[EXERCISE DESCRIPTION]
Looking at the material below, work out how many of its lines hold the string "sleek". Give that figure alone.

__________________________________________________

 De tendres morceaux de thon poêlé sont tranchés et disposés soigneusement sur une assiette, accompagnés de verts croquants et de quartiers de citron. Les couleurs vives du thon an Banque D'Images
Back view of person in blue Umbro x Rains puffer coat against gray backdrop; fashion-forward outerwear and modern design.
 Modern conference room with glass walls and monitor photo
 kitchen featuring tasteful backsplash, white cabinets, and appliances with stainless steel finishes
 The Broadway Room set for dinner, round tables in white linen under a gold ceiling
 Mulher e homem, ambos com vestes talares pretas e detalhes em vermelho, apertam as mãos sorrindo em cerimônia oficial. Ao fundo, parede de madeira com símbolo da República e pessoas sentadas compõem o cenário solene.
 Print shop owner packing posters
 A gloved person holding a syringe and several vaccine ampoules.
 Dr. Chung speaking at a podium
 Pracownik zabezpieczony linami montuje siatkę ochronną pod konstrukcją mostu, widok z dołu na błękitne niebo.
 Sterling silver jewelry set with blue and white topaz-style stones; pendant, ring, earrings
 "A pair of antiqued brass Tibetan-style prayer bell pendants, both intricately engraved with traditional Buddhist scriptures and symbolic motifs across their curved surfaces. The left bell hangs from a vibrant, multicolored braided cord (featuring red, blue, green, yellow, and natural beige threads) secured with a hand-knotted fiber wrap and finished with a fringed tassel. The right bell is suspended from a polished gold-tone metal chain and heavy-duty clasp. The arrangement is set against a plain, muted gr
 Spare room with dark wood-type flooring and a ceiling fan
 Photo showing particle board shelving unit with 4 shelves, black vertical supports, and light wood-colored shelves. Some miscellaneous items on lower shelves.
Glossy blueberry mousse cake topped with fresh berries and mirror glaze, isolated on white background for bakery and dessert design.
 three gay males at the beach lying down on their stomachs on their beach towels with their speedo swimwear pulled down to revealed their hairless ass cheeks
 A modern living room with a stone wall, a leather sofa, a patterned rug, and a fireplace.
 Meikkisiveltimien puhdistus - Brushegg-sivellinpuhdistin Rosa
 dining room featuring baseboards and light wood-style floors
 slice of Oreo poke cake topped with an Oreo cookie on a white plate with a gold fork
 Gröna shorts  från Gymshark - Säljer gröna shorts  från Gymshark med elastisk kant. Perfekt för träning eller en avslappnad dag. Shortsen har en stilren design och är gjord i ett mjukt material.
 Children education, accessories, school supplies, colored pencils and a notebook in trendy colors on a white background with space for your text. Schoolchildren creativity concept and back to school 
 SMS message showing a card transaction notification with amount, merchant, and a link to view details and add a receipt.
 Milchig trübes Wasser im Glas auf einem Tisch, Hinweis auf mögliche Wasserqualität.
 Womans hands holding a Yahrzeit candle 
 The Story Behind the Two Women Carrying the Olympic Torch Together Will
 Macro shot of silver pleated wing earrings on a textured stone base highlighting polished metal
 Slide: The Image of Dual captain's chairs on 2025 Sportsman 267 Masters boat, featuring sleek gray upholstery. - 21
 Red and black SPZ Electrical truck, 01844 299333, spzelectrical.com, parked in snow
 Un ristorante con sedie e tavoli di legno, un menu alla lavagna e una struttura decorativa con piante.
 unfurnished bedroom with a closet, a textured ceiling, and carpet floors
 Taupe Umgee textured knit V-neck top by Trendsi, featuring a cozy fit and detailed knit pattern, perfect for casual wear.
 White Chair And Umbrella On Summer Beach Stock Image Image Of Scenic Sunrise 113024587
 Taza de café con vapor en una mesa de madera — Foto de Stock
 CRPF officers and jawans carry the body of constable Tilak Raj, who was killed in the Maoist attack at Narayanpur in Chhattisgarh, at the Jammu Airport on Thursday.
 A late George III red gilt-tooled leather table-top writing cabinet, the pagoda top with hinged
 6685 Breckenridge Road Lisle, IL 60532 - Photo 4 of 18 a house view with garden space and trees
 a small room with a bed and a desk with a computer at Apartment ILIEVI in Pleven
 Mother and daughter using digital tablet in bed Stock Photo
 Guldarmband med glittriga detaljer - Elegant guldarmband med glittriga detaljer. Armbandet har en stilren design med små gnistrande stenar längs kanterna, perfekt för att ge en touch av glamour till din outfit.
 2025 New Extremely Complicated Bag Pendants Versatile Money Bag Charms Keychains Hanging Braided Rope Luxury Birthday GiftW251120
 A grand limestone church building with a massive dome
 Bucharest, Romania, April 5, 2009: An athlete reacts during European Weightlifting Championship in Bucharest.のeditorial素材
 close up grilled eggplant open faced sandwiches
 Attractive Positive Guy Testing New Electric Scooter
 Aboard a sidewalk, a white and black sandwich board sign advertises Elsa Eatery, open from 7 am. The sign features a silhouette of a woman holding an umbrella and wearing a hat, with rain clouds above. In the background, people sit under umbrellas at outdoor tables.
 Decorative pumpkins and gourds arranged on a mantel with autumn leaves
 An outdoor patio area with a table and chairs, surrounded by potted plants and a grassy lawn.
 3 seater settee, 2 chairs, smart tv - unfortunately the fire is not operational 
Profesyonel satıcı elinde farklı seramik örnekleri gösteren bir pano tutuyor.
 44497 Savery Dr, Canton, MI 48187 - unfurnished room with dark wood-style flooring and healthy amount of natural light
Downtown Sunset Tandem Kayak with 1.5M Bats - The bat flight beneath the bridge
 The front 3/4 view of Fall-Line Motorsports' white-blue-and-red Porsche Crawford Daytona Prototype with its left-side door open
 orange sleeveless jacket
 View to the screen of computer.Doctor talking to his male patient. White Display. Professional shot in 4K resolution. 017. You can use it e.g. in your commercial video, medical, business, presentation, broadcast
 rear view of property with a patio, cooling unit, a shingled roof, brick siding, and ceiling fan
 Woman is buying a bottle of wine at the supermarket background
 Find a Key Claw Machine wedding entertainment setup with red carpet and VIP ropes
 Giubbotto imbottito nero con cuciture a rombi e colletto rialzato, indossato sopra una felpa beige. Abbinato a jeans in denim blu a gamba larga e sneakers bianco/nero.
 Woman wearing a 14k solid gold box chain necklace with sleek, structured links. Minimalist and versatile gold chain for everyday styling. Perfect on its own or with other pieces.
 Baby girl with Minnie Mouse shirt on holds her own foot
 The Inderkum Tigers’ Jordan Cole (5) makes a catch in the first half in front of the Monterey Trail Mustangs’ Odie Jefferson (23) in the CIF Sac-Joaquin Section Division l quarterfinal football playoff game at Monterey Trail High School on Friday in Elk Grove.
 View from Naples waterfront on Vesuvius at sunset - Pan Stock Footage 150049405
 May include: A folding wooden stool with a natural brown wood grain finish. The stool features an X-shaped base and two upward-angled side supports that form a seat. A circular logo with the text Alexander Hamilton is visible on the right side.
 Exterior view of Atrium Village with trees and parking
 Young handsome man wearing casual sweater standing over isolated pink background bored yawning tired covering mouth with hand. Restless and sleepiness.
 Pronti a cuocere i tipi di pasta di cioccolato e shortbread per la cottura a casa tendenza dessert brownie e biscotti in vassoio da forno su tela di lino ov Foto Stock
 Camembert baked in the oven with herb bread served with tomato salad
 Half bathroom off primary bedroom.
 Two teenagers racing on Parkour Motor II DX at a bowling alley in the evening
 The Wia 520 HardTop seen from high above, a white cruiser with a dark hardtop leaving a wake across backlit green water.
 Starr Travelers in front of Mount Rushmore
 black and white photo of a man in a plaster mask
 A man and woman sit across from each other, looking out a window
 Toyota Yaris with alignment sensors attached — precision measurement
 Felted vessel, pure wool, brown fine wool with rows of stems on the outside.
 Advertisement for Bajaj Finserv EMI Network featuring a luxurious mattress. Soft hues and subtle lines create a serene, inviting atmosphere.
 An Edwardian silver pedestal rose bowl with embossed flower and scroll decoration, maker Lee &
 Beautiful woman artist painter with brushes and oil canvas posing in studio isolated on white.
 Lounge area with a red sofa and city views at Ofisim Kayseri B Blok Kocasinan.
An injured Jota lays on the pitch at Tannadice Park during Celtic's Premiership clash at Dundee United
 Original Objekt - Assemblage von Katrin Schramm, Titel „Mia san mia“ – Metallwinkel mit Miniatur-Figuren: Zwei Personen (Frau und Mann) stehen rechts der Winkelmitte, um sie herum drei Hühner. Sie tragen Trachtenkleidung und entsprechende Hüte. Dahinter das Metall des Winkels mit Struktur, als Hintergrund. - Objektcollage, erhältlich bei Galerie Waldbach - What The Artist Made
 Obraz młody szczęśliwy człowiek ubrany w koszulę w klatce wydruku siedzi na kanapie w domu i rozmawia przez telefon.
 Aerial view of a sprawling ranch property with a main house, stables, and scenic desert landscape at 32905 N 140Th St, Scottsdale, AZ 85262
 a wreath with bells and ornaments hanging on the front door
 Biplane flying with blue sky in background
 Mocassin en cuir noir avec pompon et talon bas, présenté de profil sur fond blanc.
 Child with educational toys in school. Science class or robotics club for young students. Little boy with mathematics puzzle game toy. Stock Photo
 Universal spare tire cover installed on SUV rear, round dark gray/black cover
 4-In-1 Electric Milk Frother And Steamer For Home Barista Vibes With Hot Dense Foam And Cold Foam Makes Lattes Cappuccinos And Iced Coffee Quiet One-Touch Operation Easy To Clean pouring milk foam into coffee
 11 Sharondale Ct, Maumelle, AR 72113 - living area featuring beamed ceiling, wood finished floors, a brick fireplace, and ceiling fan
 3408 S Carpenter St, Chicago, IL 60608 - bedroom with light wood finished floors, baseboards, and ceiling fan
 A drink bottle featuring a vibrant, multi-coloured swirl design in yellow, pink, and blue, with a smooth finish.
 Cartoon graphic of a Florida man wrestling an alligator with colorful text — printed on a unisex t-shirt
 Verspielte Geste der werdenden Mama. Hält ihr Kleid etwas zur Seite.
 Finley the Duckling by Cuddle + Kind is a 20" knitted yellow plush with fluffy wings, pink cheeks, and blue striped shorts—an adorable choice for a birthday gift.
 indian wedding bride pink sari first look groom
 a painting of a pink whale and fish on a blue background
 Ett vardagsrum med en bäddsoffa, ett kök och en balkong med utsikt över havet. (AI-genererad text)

__________________________________________________

[ANSWER FOR THE TASK]
2